Feb 19, 2014
It is no secret that the whole technology industry feels that wearable tech and fitness tracking tech are certain to become the next big thing. Giants such as Apple and Google have notably thrown their collective hats into the ring with Google Glass and the iPhone’s new M7 motion coprocessor. The problem with fitness trackers, as this weeks
KickStarter Crowdfunded Spotlight quickly points out, is that they are essentially glorified pedometers; crudely equating vertical movement with movement and a work rate.
Allow me to introduce Atlas: the first fitness tracker that actually tracks your workouts. The innovative aspect of Atlas is that it tracks movement in three directions and accurately relates that movement with a set of programmed exercises. By paying attention to heart rate as well as movement, the matte black watch is acutely aware of the amount of effort going into each rep. This means that cheating on reps is now a little bit harder than before. Their IndieGoGo page claims that the included sensor is so accurate it can tell the difference between regular and triangle pushups, squats from deadlifts, and dual-bicep curls from alternating bicep curls.

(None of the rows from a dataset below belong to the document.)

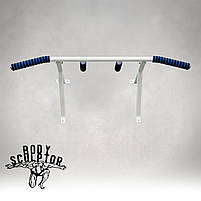 Турнік настінний/надверний білий гнутий (50 см)  Розбірний №2 з м'якими ручками, фото 3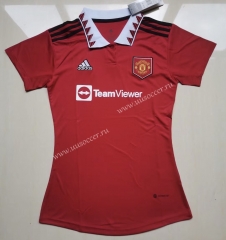 2022-23  Manchester United Home Red Thailand Female Soccer Jersey AAA-708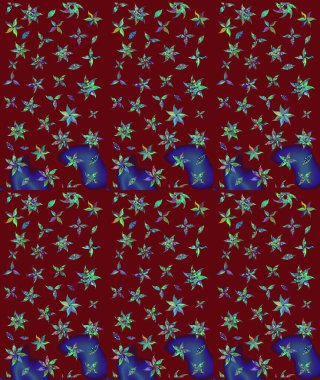 Çiçekler suluboya eskiz deseni. Raster Stili kumaş deseni.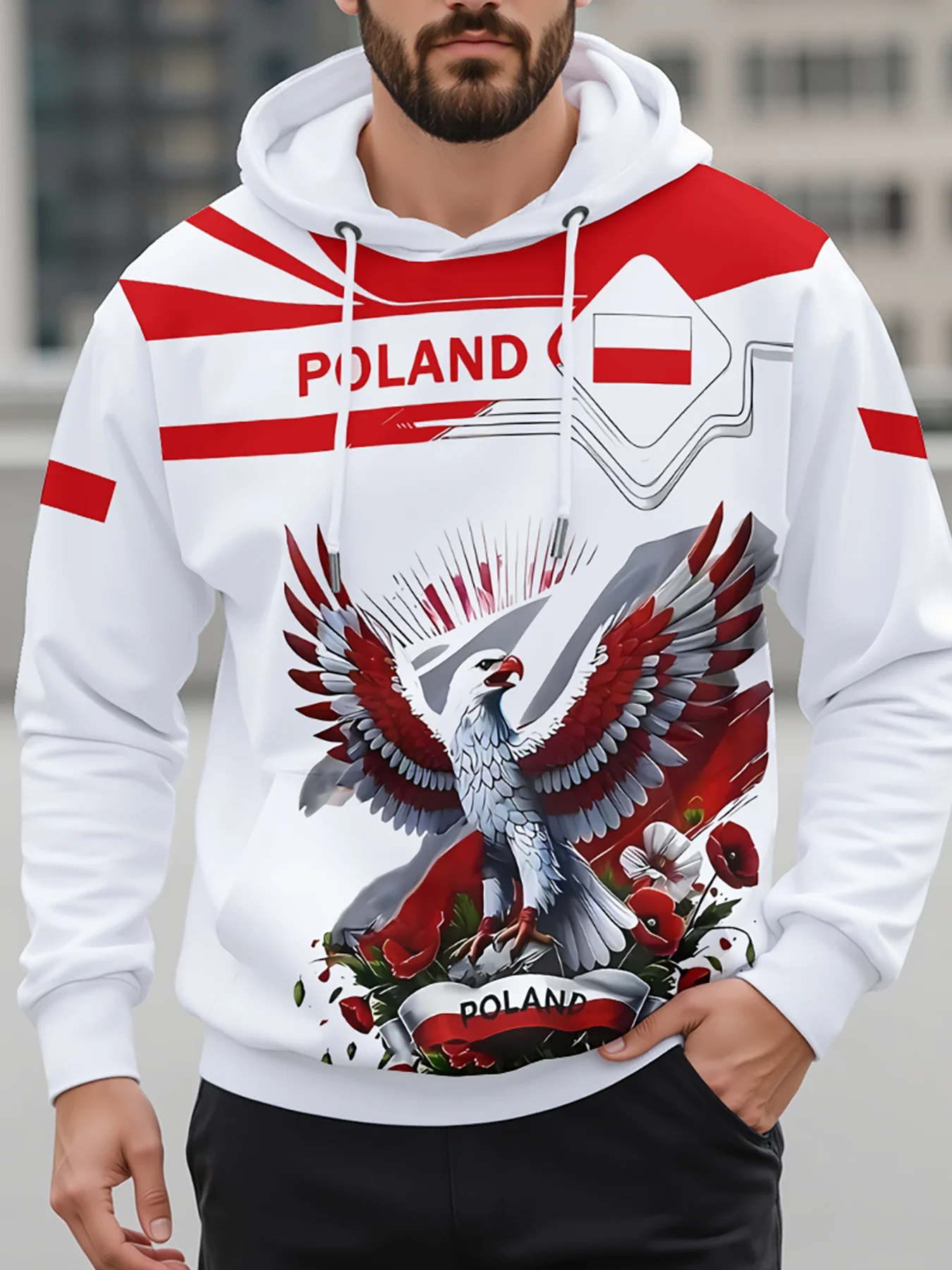 

Autumn Winter Men's Hoodie 3D Poland National Flag Print Sweatshirts Funny Eagle Pattern Oversized Clothing Fashion Trend Tops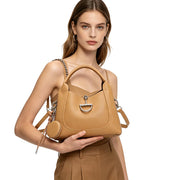 Chic Caramel Hobo Handbag, Versatile Multi-Way Bucket Bag with Detachable Accessories
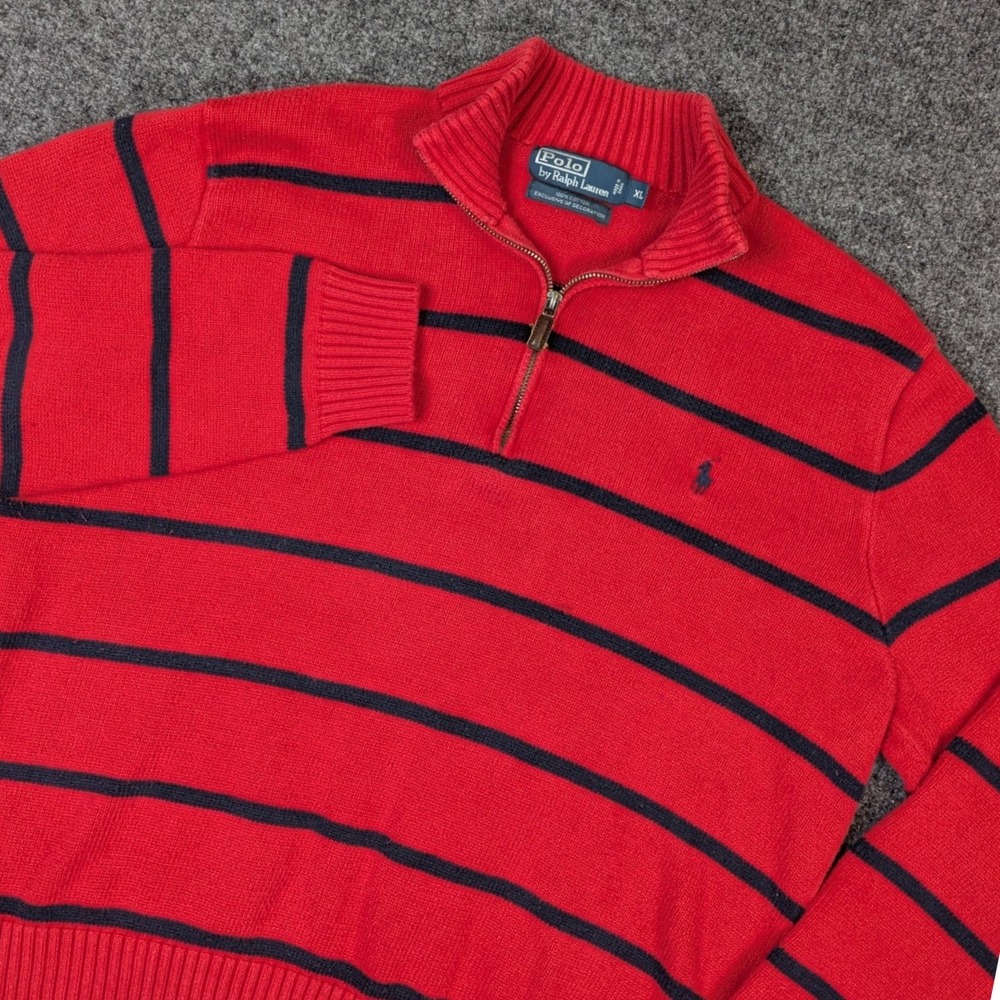 Polo Ralph Lauren Mens XL Red Navy Striped Rugby 100% Cotton Quarter Zip Sweater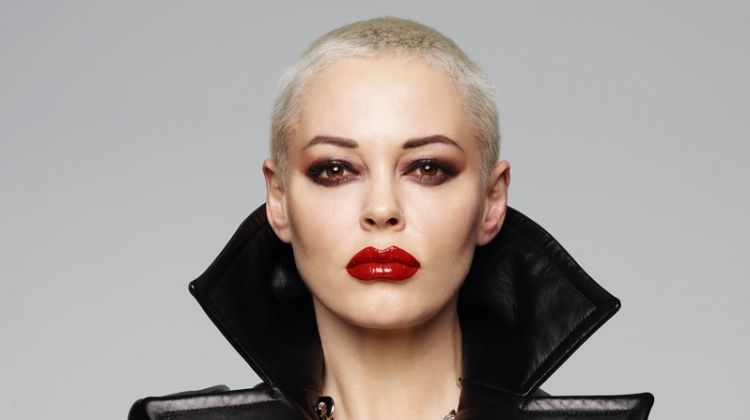 Clad in leather, Rose McGown strikes a pose. Photo: Rankin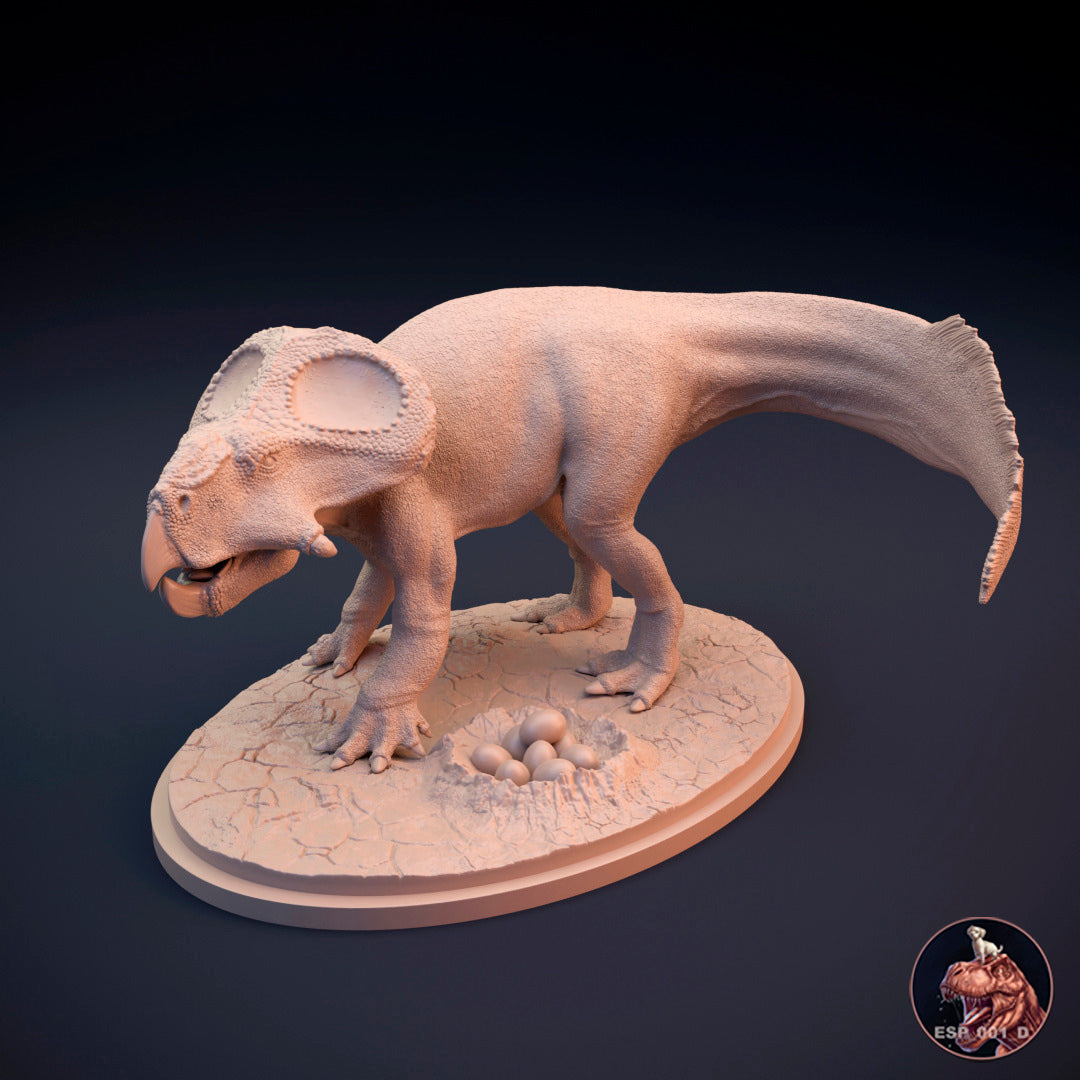 Protoceratops protegiendo puesta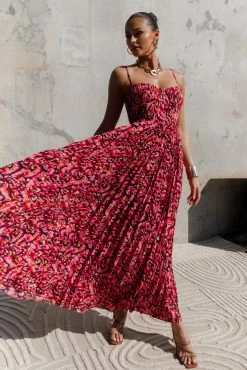 Dress Shop 29 Achanti Pleated Maxi Dress - Pink Multi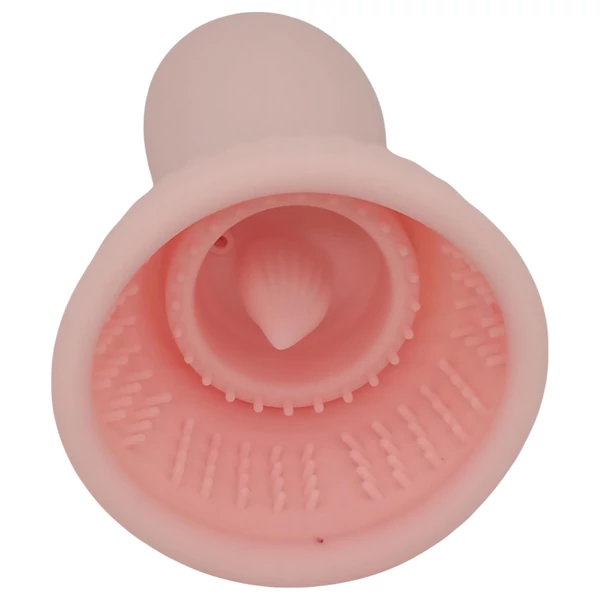 Lonely - akkus, vízálló szívó-nyaló mell vibrátor (pink)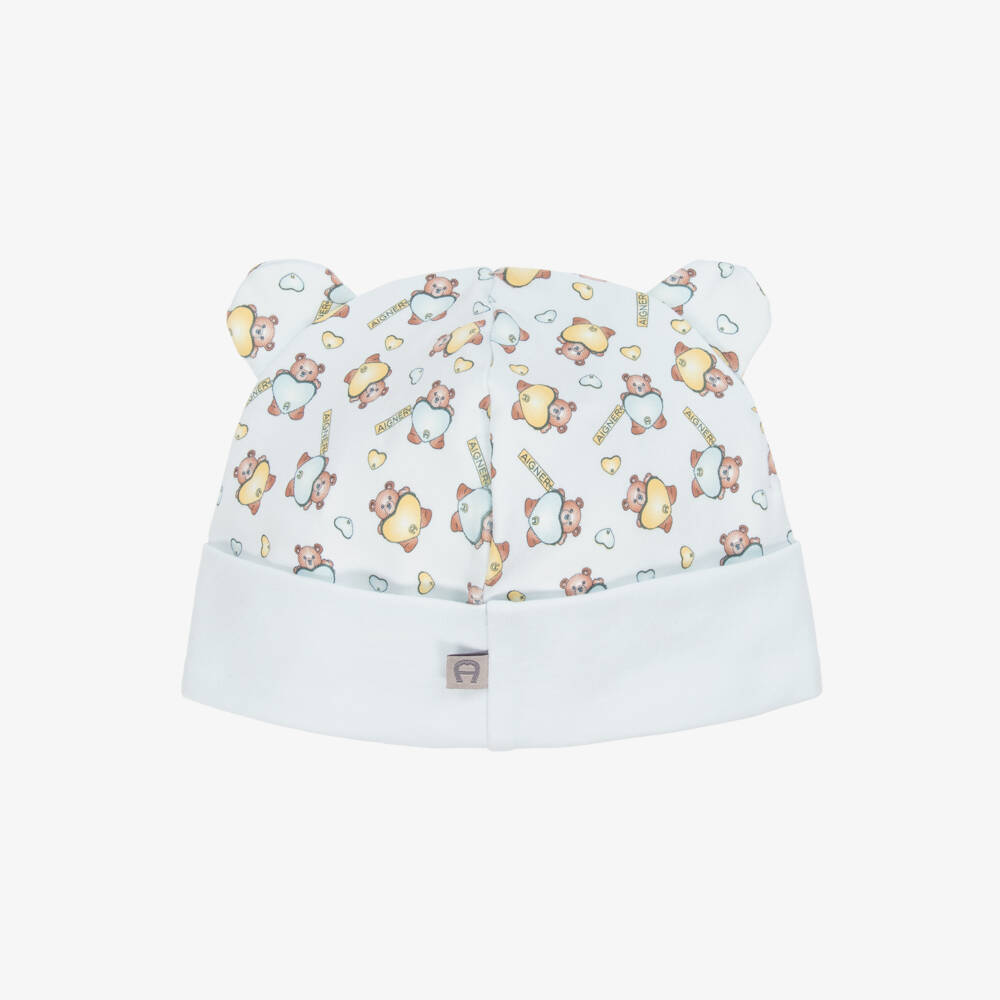 AIGNER-Шапка из синего хлопка с мишкой для мальчиков | Childrensalon Outlet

This is honestly one of the most impressive crowdfunding projects in recent memory and above all I have to say that I find the entire yellow text on flat black to be very cool. The generously sized display is divided into two sections, one containing one large number that can be set as reps, heart rate, or elapsed time, and the other containing the remaining two stacked vertically. At the very top is a bar that lists the current exercise to ensure that what is being logged is accurate.
The Atlas delivers a gold mine of information for fitness tracking apps, and it has announced compatibility with popular apps as well as an incredibly impressive in-house app that displays metrics such as stability, average heart rate, and workout intensity in addition to tracking workouts and suggesting different exercises to work underutilized muscles or rest overworked joints.
I have to say the total package of Atlas is incredibly impressive, which is probably why it has almost quadrupled its initial goal of $125,000 with still 17 days to go. As can be expected the Atlas watch is not particularly cheap, but $169 for a pre-order still feels like a great deal. So, I am sold. Spread the word; the fitness revolution is upon us!